Saenz was led away by police officers, but not before she fired
up downtown Providence with union slogans and fiery oratory.
“It’s so important that we have an organizing agenda,”
Saenz said, explaining SEIU’s drive to unionize janitors.
“The unions need to have a stronger voice.”
It was SEUI’s insistence on organizing and expanding membership
that ultimately pulled the union away from the AFL-CIO this summer.
Along with SEIU, the Teamsters and United Food and Commercial Workers
also broke from the nation’s largest federation of unions.
While the breakaway unions — representing 4.6 million workers
— are channeling resources into organizing and expanding membership,
the AFL-CIO has been focusing its resources on electoral politics,
channeling resources into pro-union candidates.
At first glance, those differences seemed evident during the Greater
Boston Labor Council’s annual breakfast with much of SEIU’s
leadership missing.
But local AFL-CIO leaders say they are continuing to work with SEIU,
honoring the union’s picket lines and supporting their actions.
“I really don‘t give a damn what’s going on in
the rest of the country with the AFL-CIO,” said George Nee,
secretary/treasurer of the Rhode Island AFL-CIO, addressing labor
activists in Providence Monday.
“We’re going to have one labor movement.
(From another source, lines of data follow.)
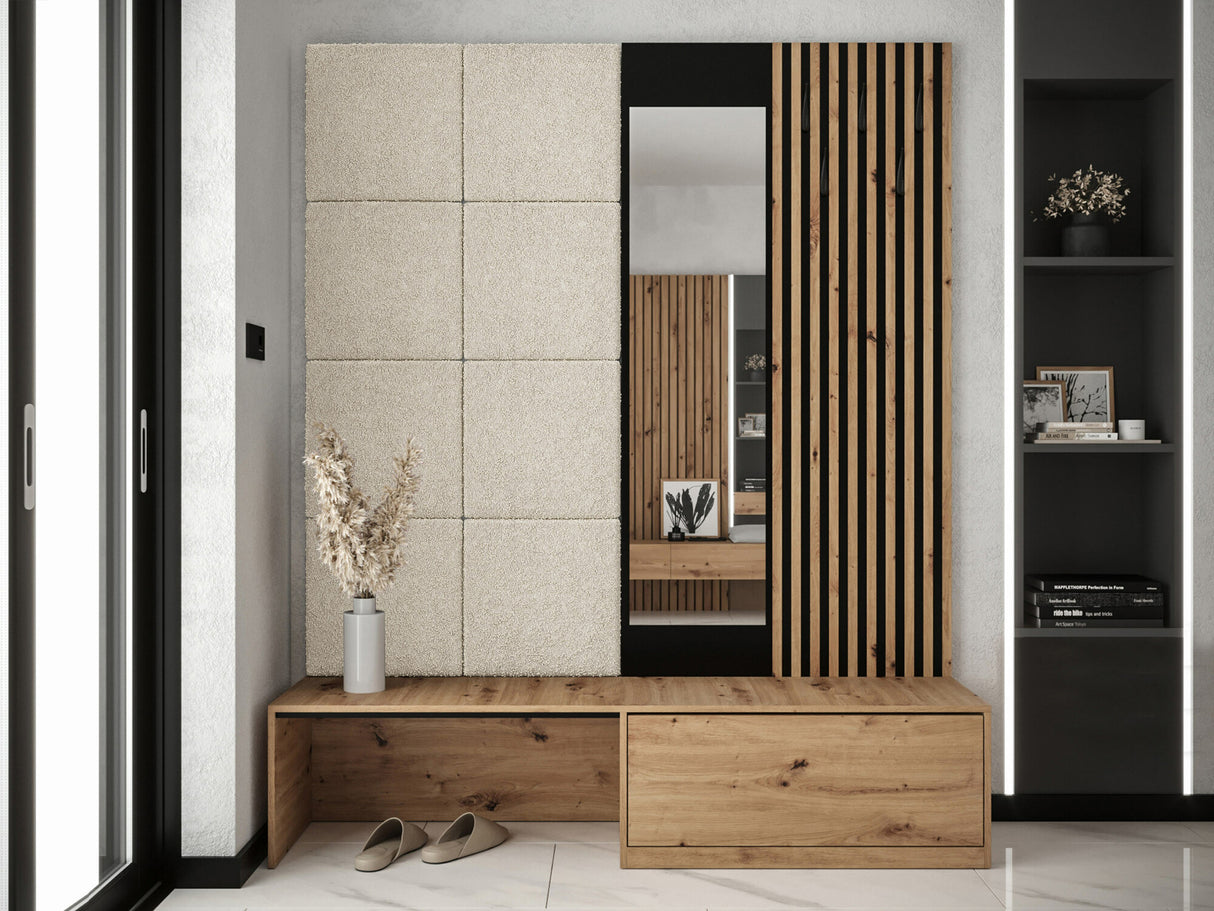 Előszoba garnitúra Premium I (Anrilot), Szín: Abriamo 3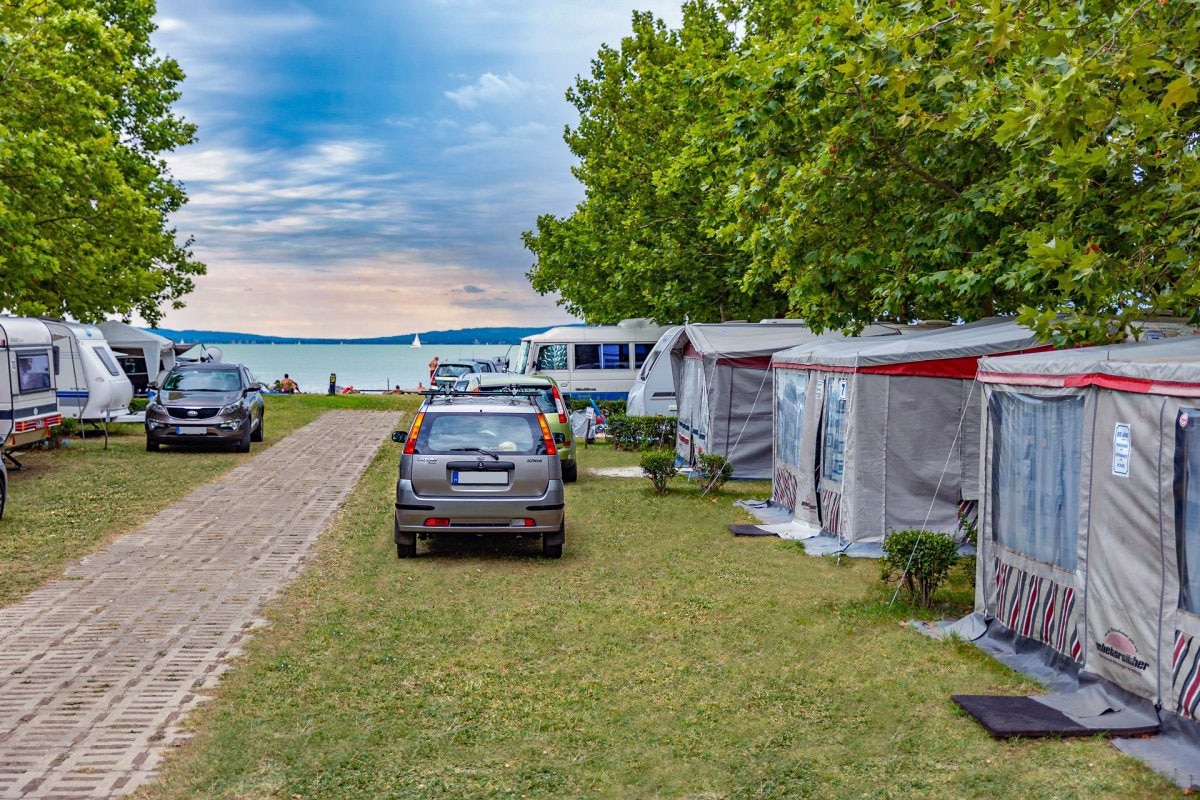 Balatontourist Camping Strand Holiday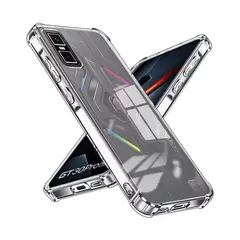 GENERICO - Case Funda Protector INFINIX GT 30 PRO - CASE GOMA TRANSP ANTISHOCK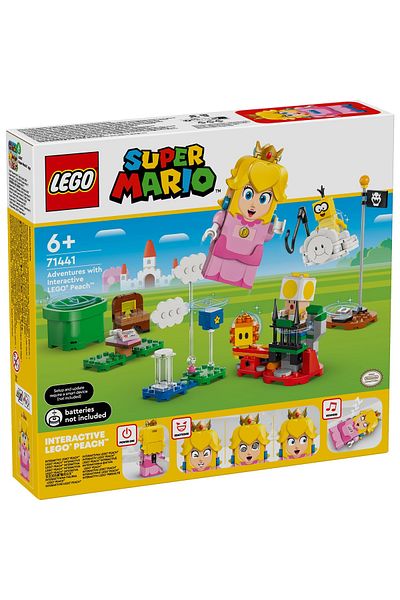 LEGO Set LEGO Super Mario - Aventuri cu LEGO Peach™ interactiva (71441)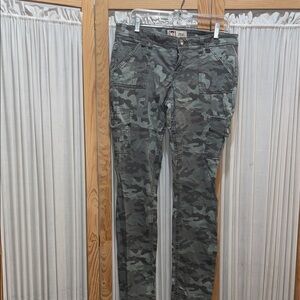 lei Camouflage Skinny Pants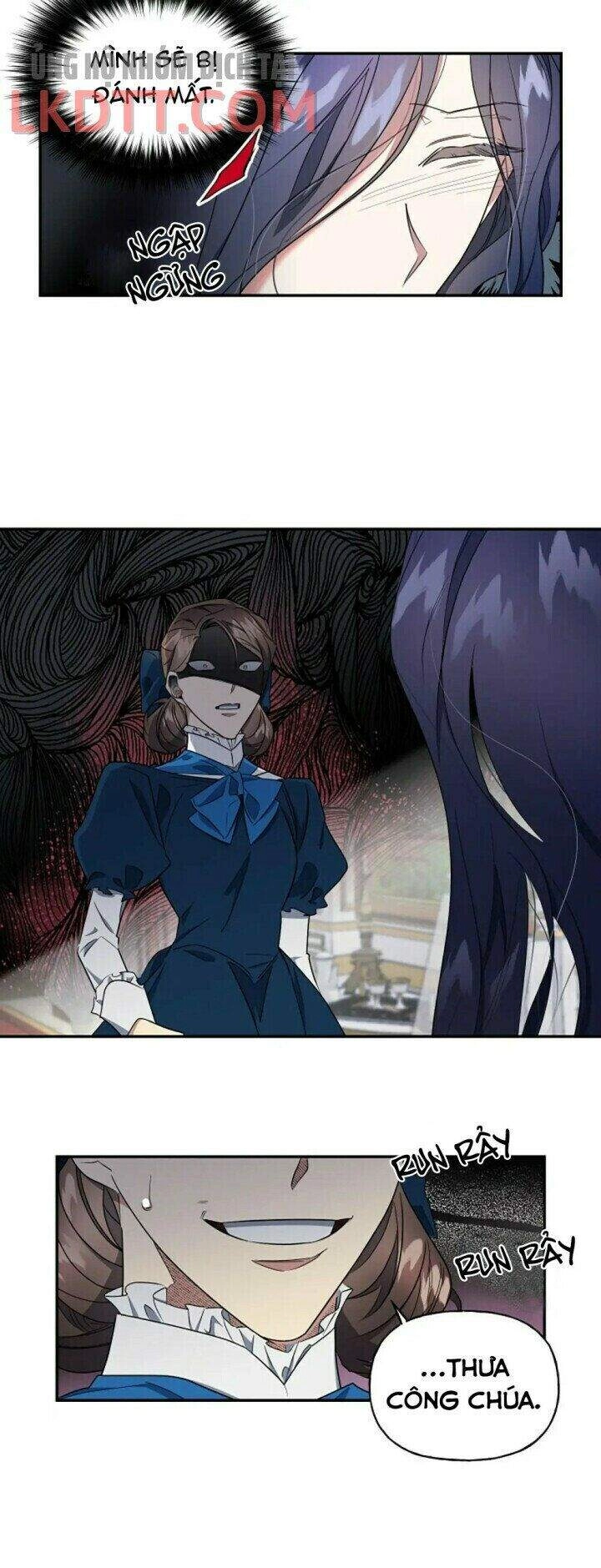 Nàng Công Chúa Trở Thành Vật Hiến Tế Chapter 3 - 5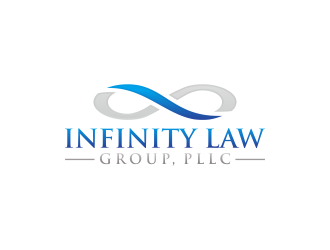 Infinity Law Group, PLLC logo design by RIANW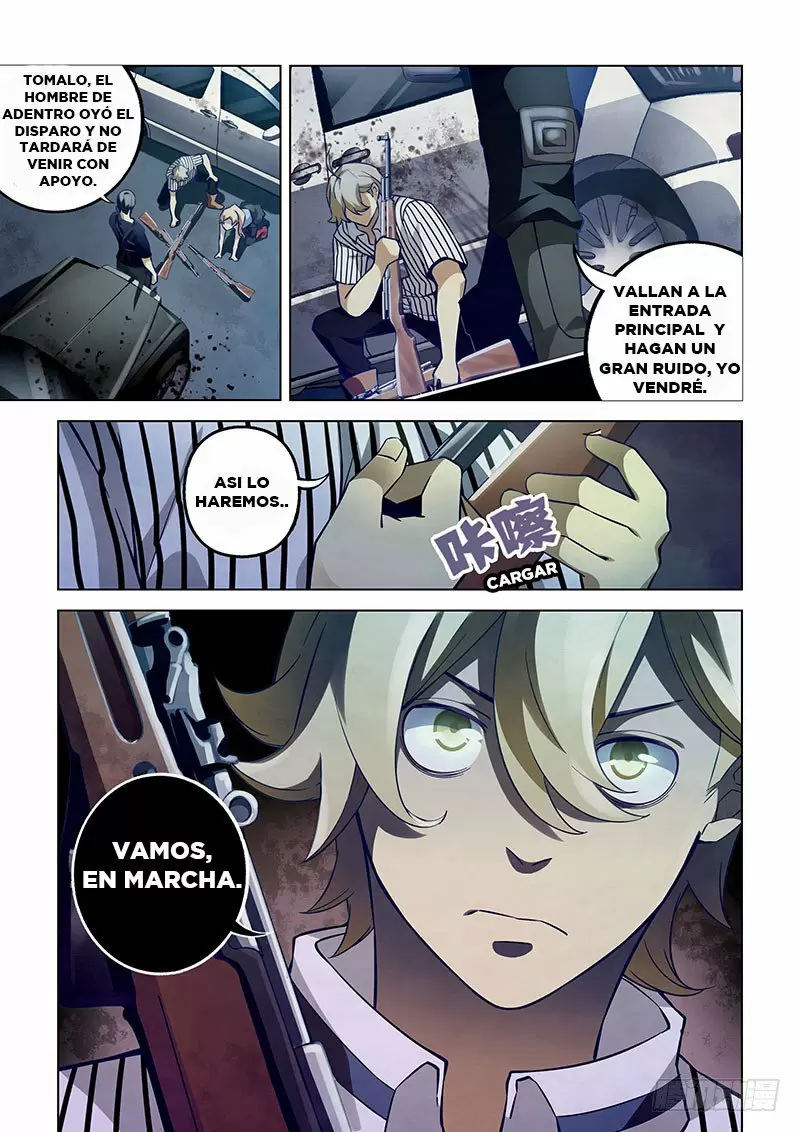 Moshi Fanren capítulo 50, página 28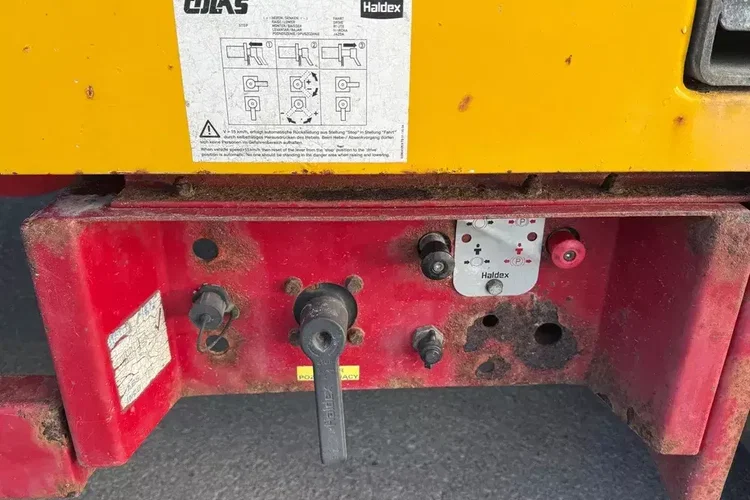 STOKOTA S4T.H4-01 / rozciągana 36m / 4 osie skrętne zdjęcie 7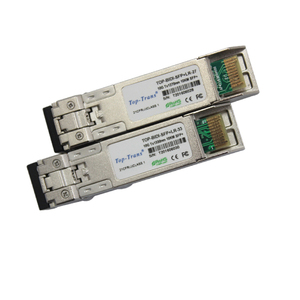 ตัวรับส่งสัญญาณแสง TBD-SFP+-LR27/TBD-SFP+-LR33 SFP+ BIDI 10 Tx1270/Rx1330nm TBD-SFP+-LR27/TBD-SFP+-LR33 BIDI SFP 1270/1330 นาโนเมตร S - Product Image 1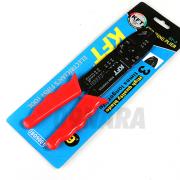 대만 KFT 압착플라이어.와이어캇타+컨넥터+볼트절단+비절연단자+스트리퍼 (KFT-GT-3)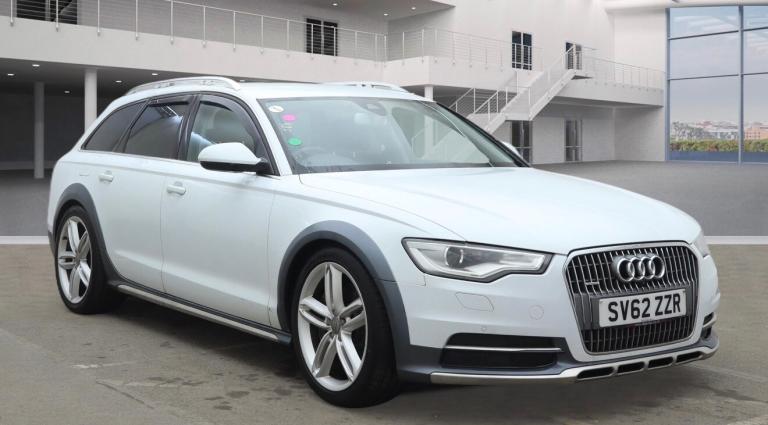 2012 AUDI A6 ALLROAD 3.0 BiTDI QUATTRO AUTOMATIC ESTATE, 15 SERVICES, RARE SPEC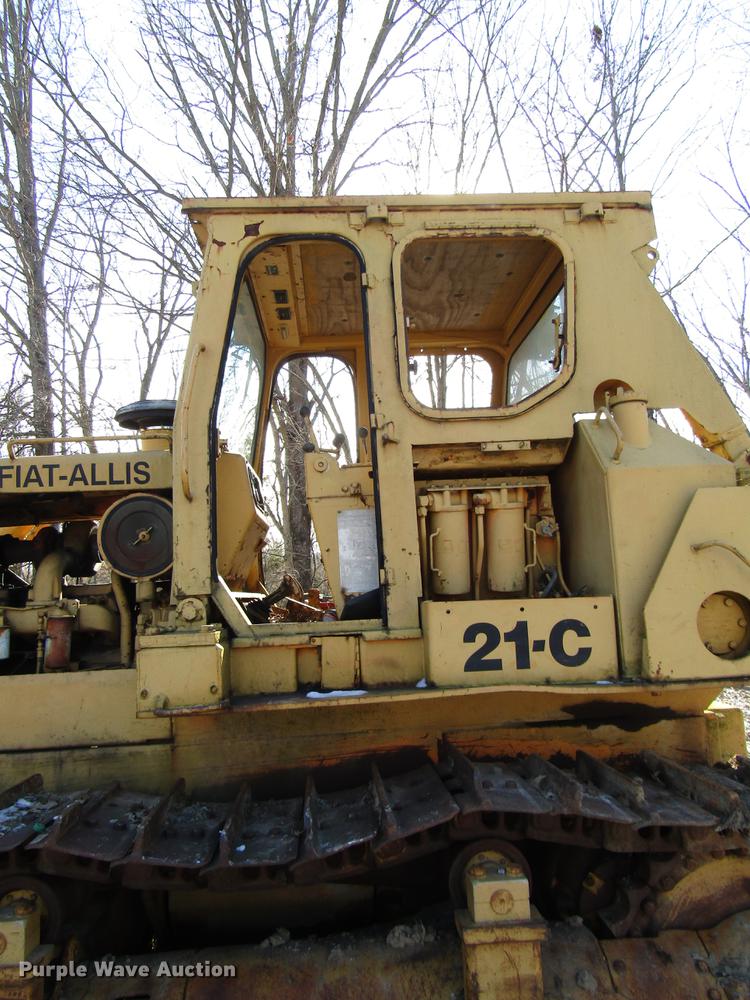 image for item DB6895 Fiat-Allis 21C dozer
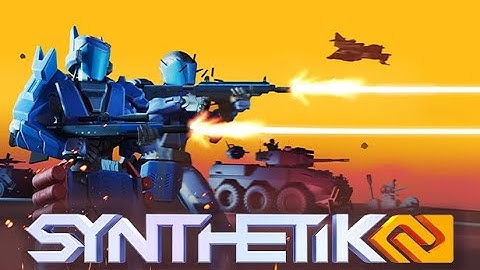 Synthetik 2- Early Access look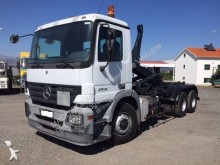 Mercedes hook lift truck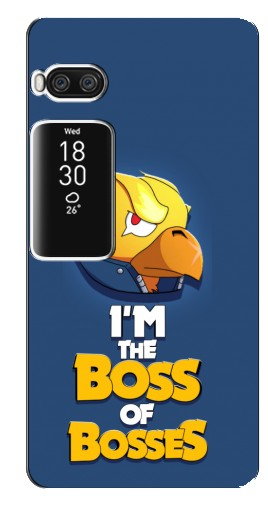 Чехол с принтом «Gold Boss» для Meizu Pro 7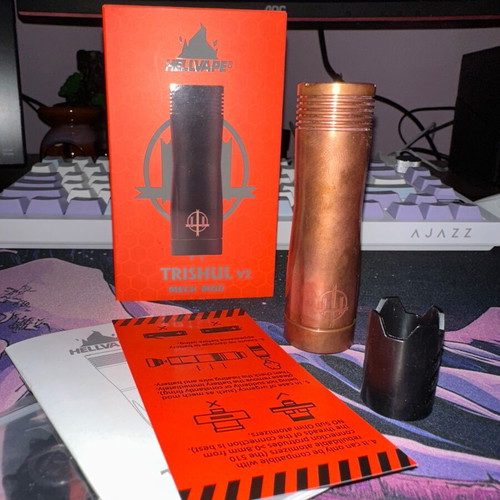 mod vapes near me Hyperion V2 Mech Mod by ThunderCloud x Infinite Modz – Hobby Delights main image 0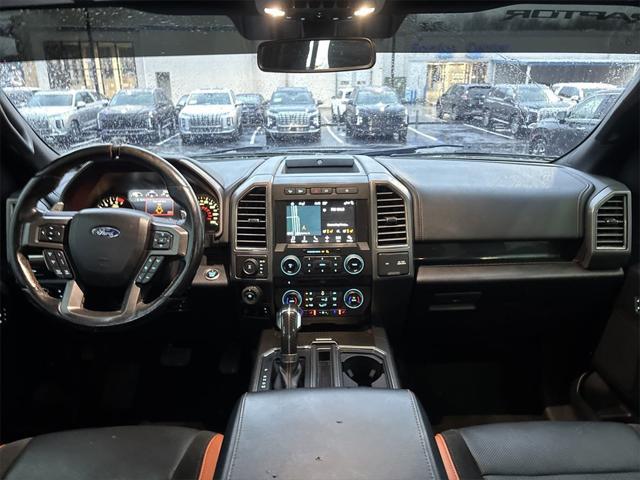 used 2018 Ford F-150 car, priced at $44,000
In Rhode Island,
everybody is one family, one labor union and we’re going to
make progress together.”
Saenz and other SEIU officials agree that the main differences with
the AFL-CIO are at the national level.
“I don’t think we feel like it’s a split for the
local labor movement,” said Peter Rider, the secretary/treasurer
for SEIU Local 615 who for 10 years served on the national board
of the AFL-CIO. “It’s a split over leadership at the
national level.”
AFL-CIO President John Sweeney has come under fire in recent years
for his failure to persuade member unions to expand their membership.
While the United States workforce has been growing, the percentage
of the workforce that is unionized has been declining — from
16.7 percent to 12.5 percent since 1995.
In much of the country, labor’s traditional base of manufacturing
jobs has given way to a service-based economy. As European groups
who immigrated decades ago have moved up the social ladder, more
recent immigrants from Central and South America and the Caribbean
are now working the lowest-paying jobs.
In Providence, that often means cleaning offices for the state’s
minimum wage of $6.75 an hour, too little to survive on, workers
say.
“Our situation is very difficult as immigrants,” said
Luis Lopez, who works 16 hours a day cleaning a non-unionized building
in the city’s downtown. “They often take advantage of
the fact that you are an immigrant. They give you the hardest work
with the lowest pay.”
Lopez is exactly the type of worker SEIU has been targeting with
its national organizing campaigns aimed at janitors and, more recently,
security guards. And the largely immigrant labor force that makes
up those unions seems badly in need of help.
“You can’t support your family working these jobs, even
if you work 60 hours a week,” Saenz said. “It’s
always difficult for workers in these jobs to make ends meet.”
SEIU Local 615, which covers Massachusetts, Rhode Island, New Hampshire
and Maine, plugged into the One Providence network, a coalition
of labor groups and community organizations pushing for higher wages
and better conditions for Providence workers.
At Monday’s action, city councilors and neighborhood organizations
linked up with religious leaders and labor activists in the type
of broad-based coalition that has become SEIU’s modus operandi.
And among the diverse crowd were Nee and other representatives of
AFL-CIO affiliates.
“With the fights we need to engage in as a labor coalition
we can’t fight alone,” Saenz said. “When employers
are violating workers’ rights, it affects all of us.”